**DATA TO USE**.
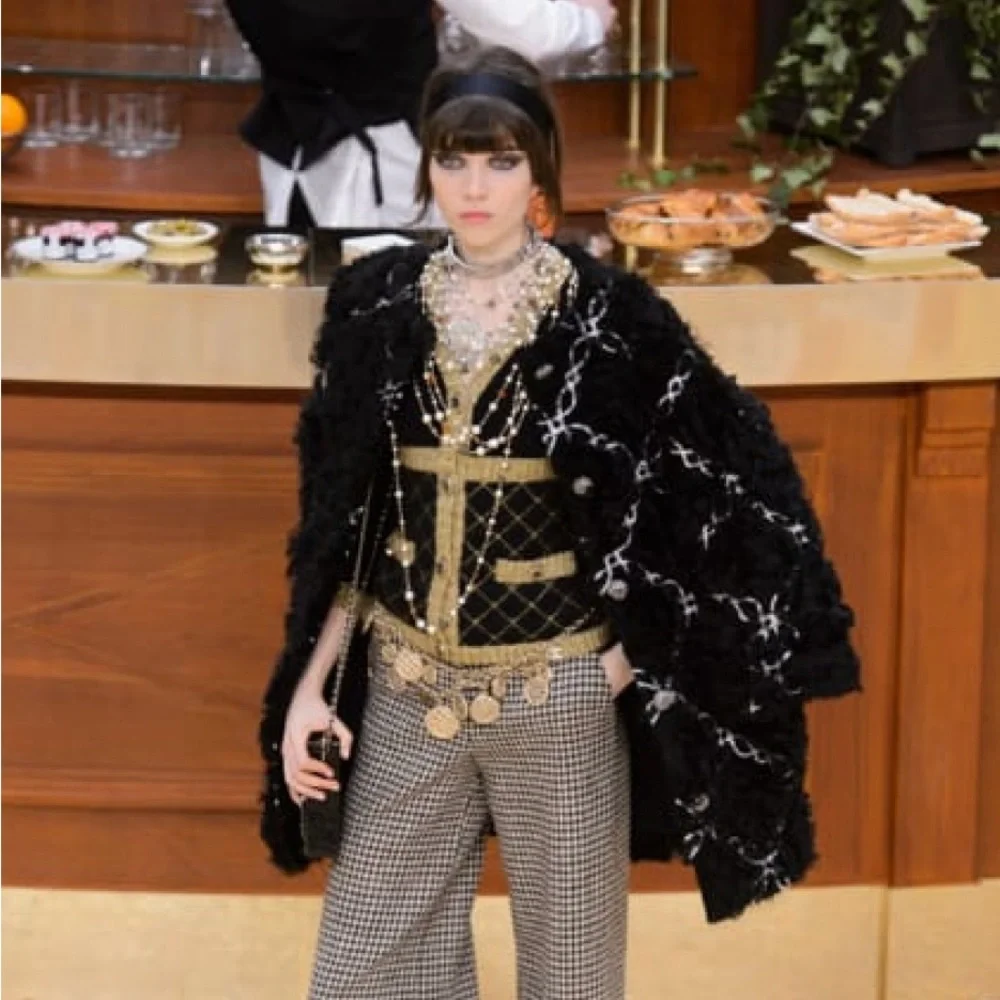 Chanel F/W 2015 Brasserie Black Gold Quilted Camellia Cashmere 15K Cardigan - Picture 2 of 14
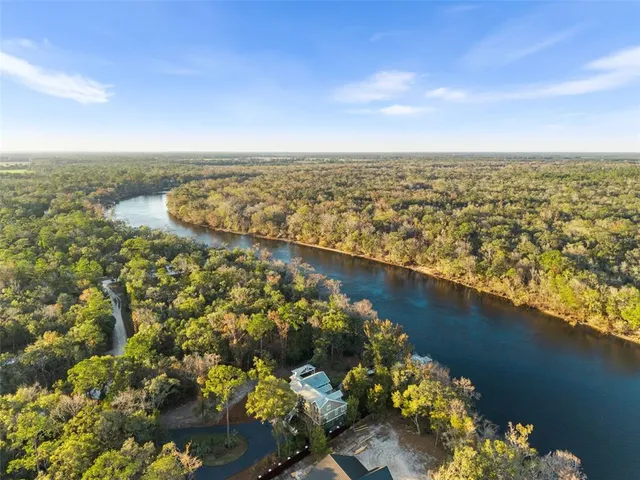 $1,695,000 | 174 Northeast 972nd Street, Branford, FL 32008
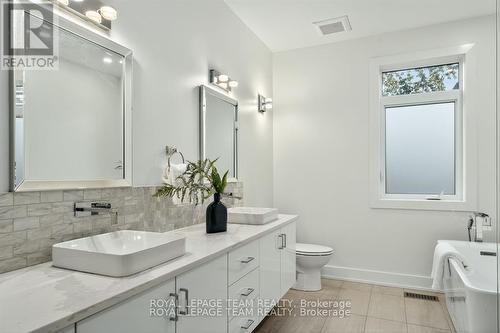 16 First Avenue, Ottawa, ON - Indoor Photo Showing Bathroom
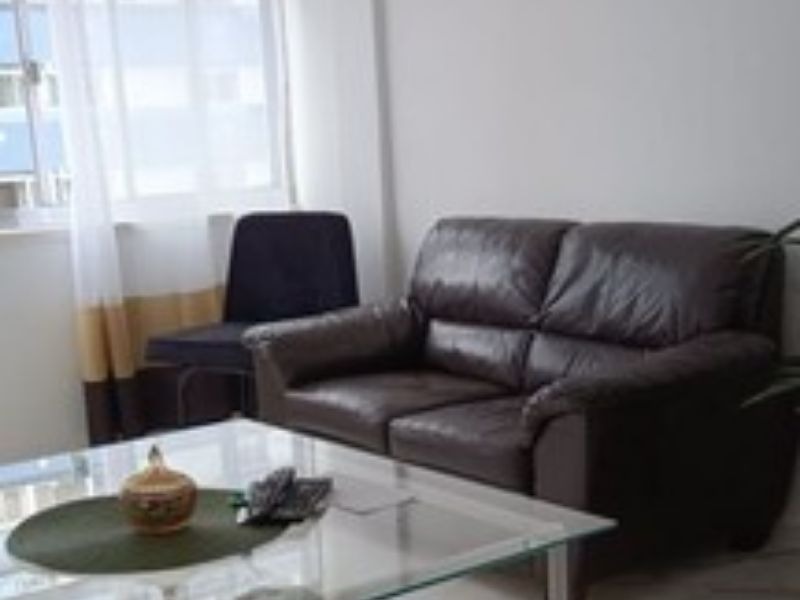 Apartamento à venda com 2 quartos, 75m² - Foto 3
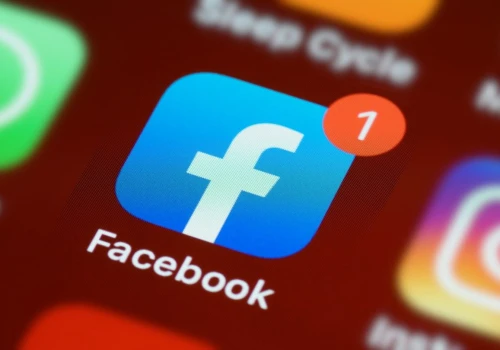 Afera wokół reklam na Facebooku. Kondracki: system jest dziurawy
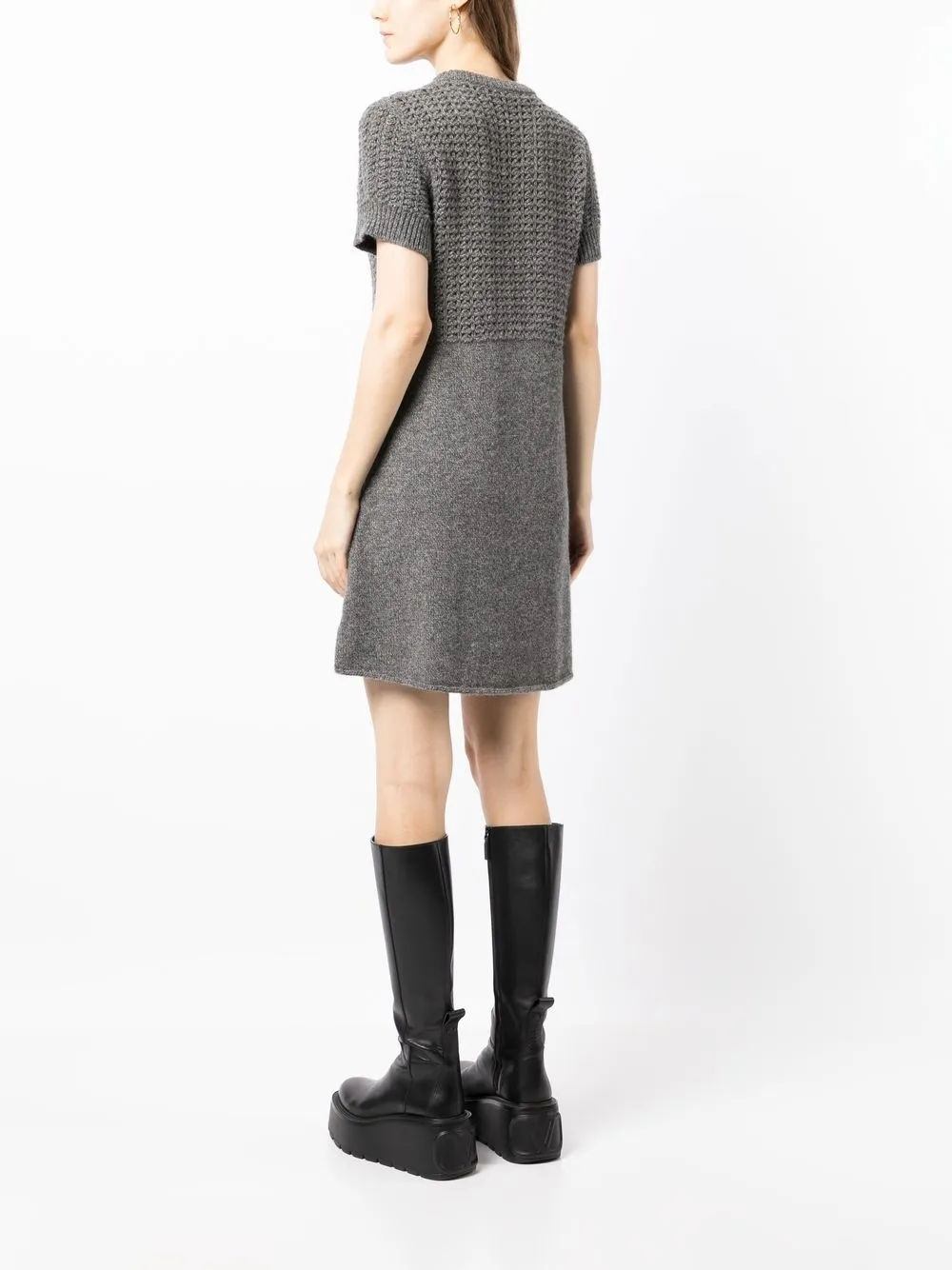 Femme CHANEL Robe Sports à Patch Logo (2009) 6 Femme CHANEL Robe Sports à Patch Logo (2009) – Image 4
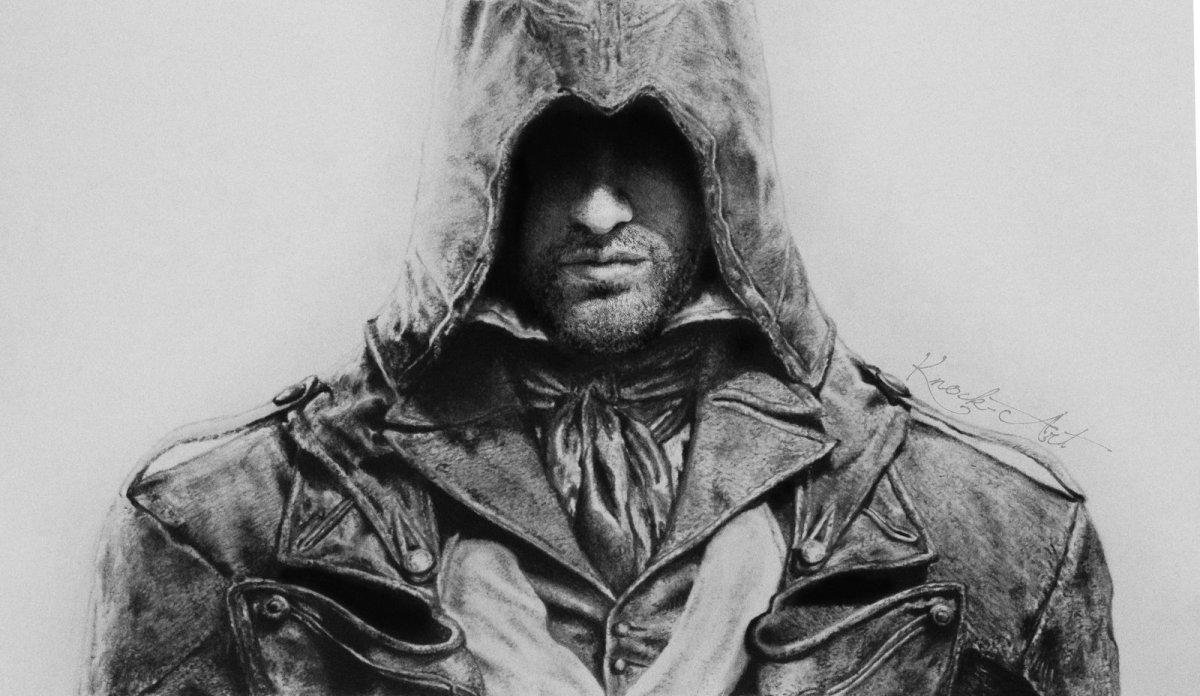 Человек в капюшоне в лесу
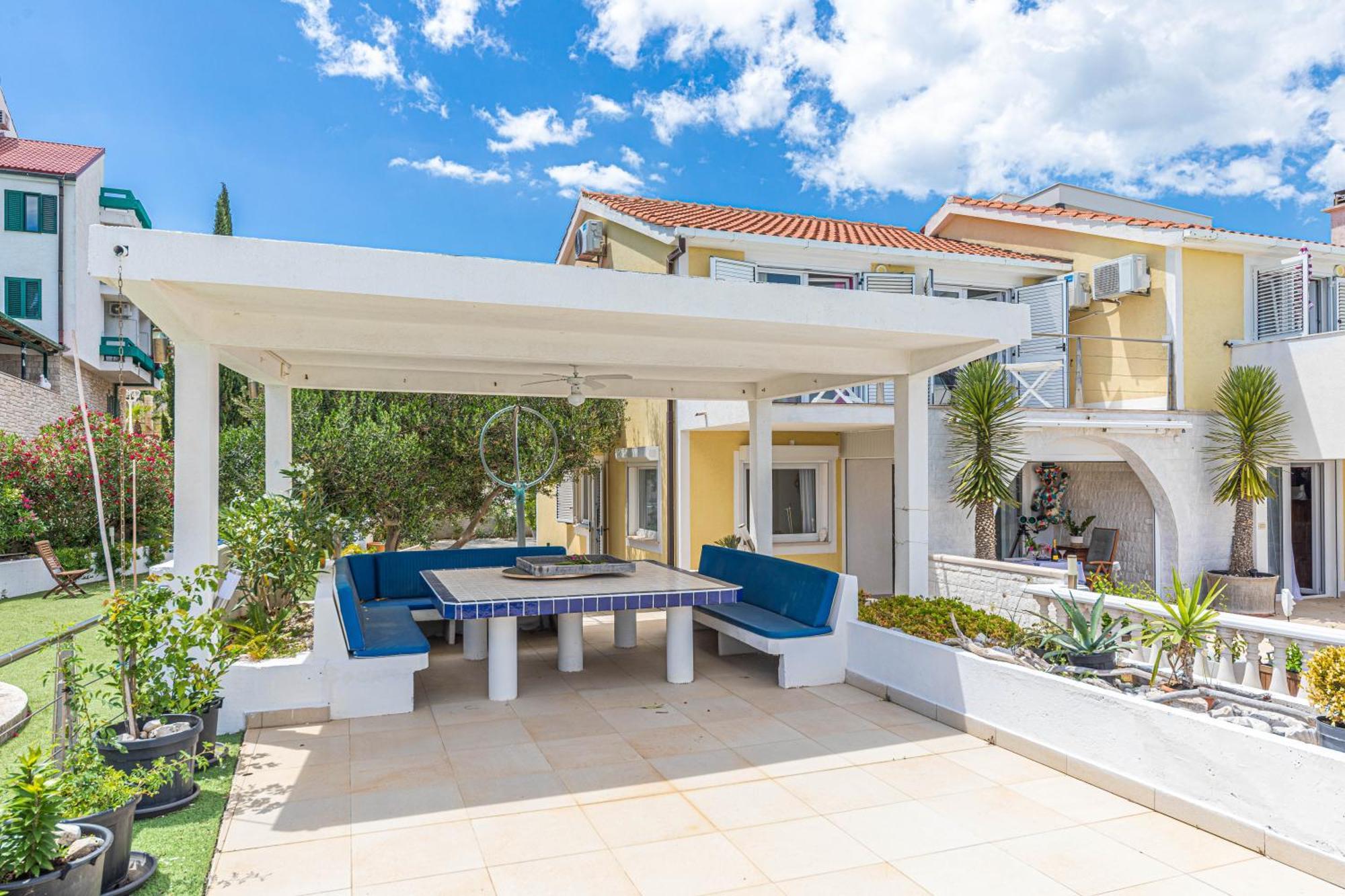 Villa Unique Sur La Plage Pour Des Vacances Inoubliables En Famille Ou Entre Amis Pour 10 Personnes Слатине Экстерьер фото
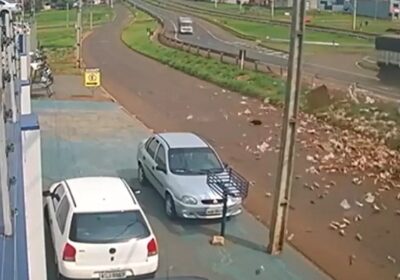 VÍDEO: Garrafas de chá caem de caminhão, se espalham na rodovia e derrubam motociclista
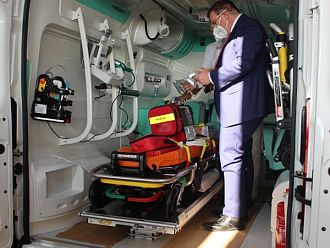 ЦСМП получават 28 оборудвани линейки 4х4 по проекта за Спешна помощ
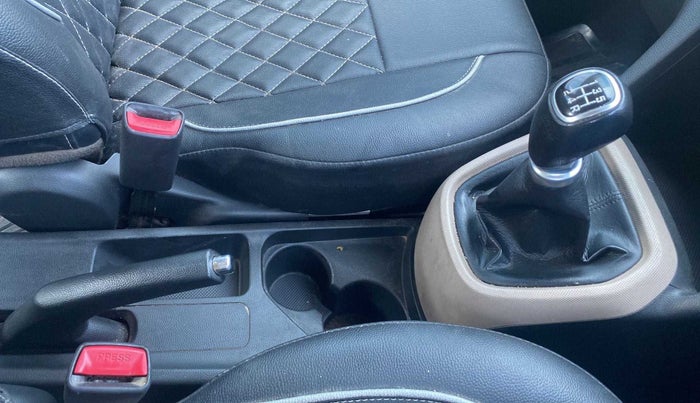 2018 Hyundai Grand i10 SPORTZ 1.2 KAPPA VTVT, Petrol, Manual, 40,832 km, Gear Lever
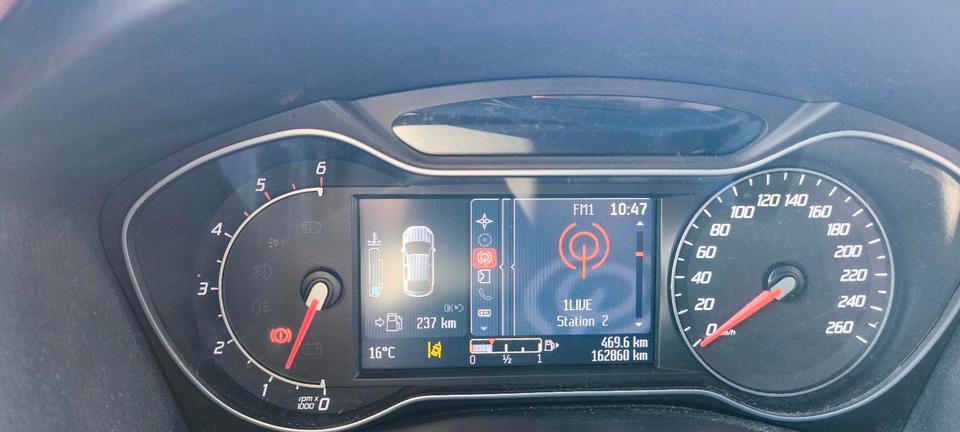Ford Mondeo 2011 — photo 10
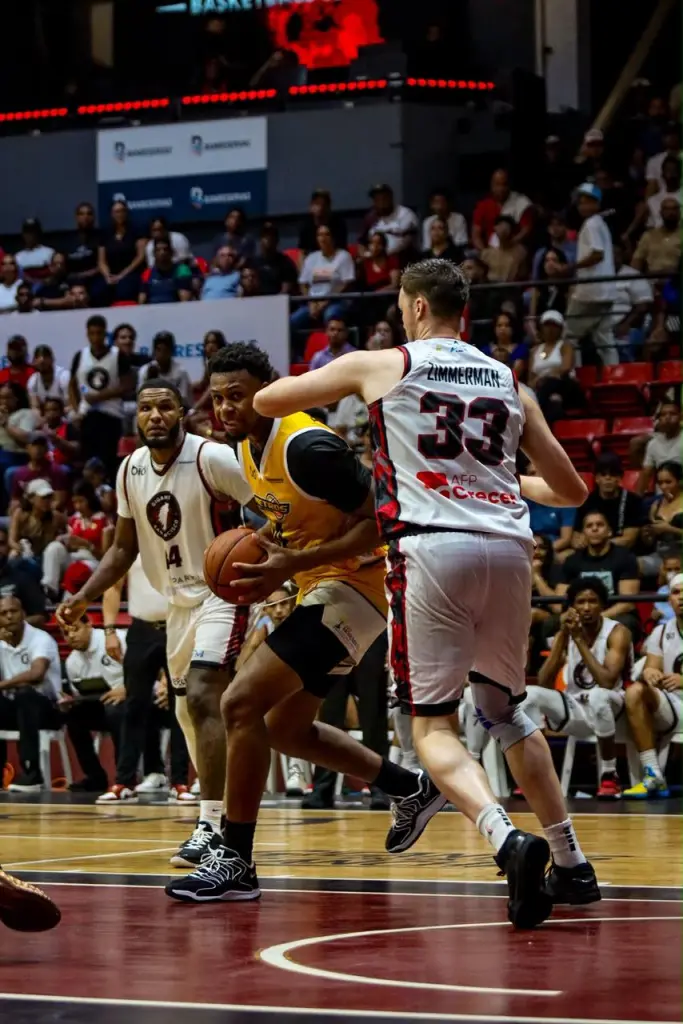El sexto partido de la Gran final de la LNB entre Gigantes Basketball Club y Metros de Santiago será este domingo, desde las 7:00 de la tarde, en el Polideporti Mario Ortega de San Francisco de Macorís.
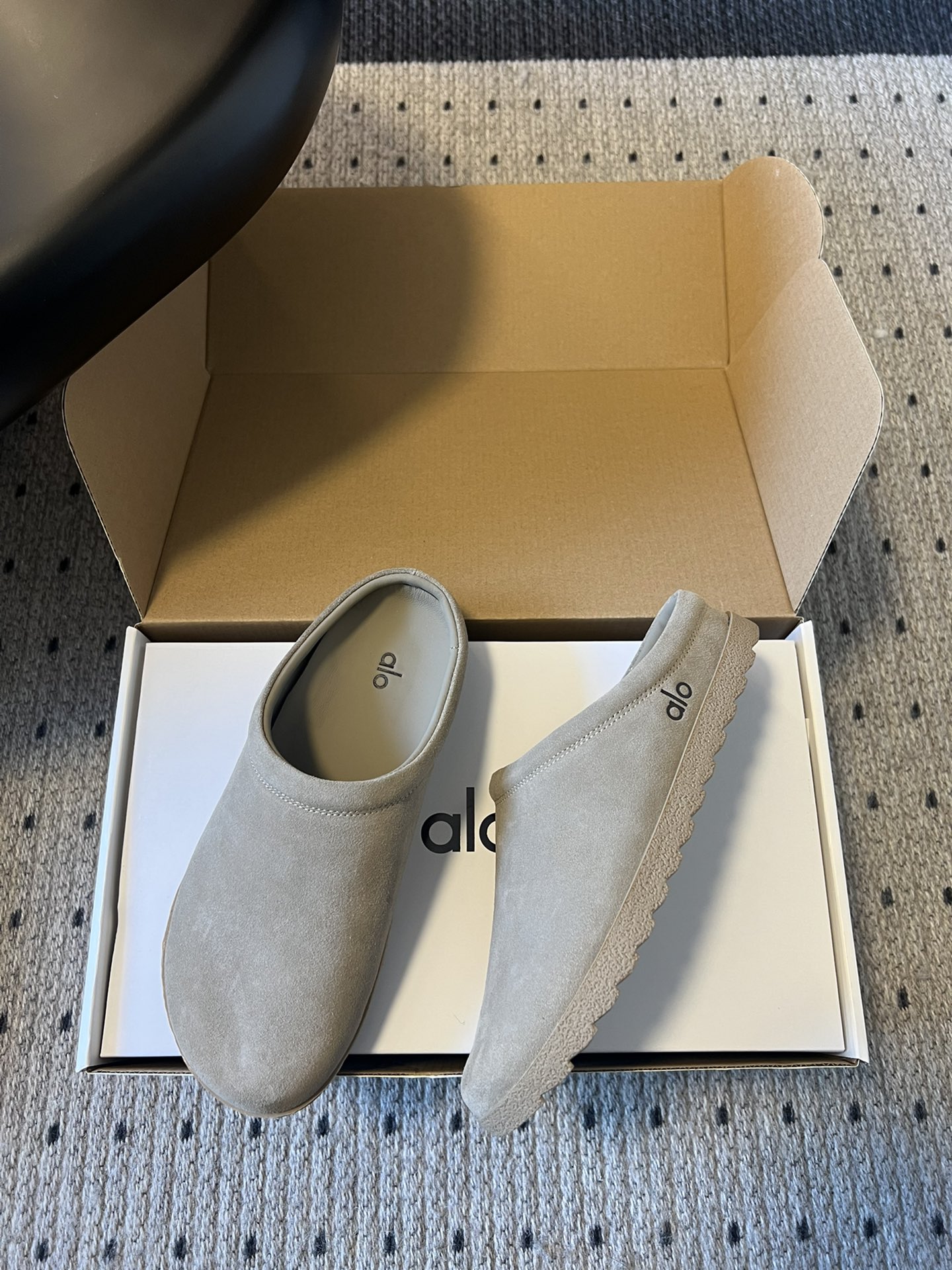 alo25ss 新品休闲单鞋简约即王道 散发随性慵懒感 一脚蹬设计 轻松又自在 时髦精出街 宅家都可 拿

**EXERCISE OBJECTIVE**. Write out exactly the lines from the line that contains "2018 Hyundai Grand" to the last line of the material above, both included; pictures do not belong in the copy.

**TASK SOLUTION**.
 2018 Hyundai Grand i10 SPORTZ 1.2 KAPPA VTVT, Petrol, Manual, 40,832 km, Gear Lever
Ford Mondeo 2011 — photo 10
El sexto partido de la Gran final de la LNB entre Gigantes Basketball Club y Metros de Santiago será este domingo, desde las 7:00 de la tarde, en el Polideporti Mario Ortega de San Francisco de Macorís.
 alo25ss 新品休闲单鞋简约即王道 散发随性慵懒感 一脚蹬设计 轻松又自在 时髦精出街 宅家都可 拿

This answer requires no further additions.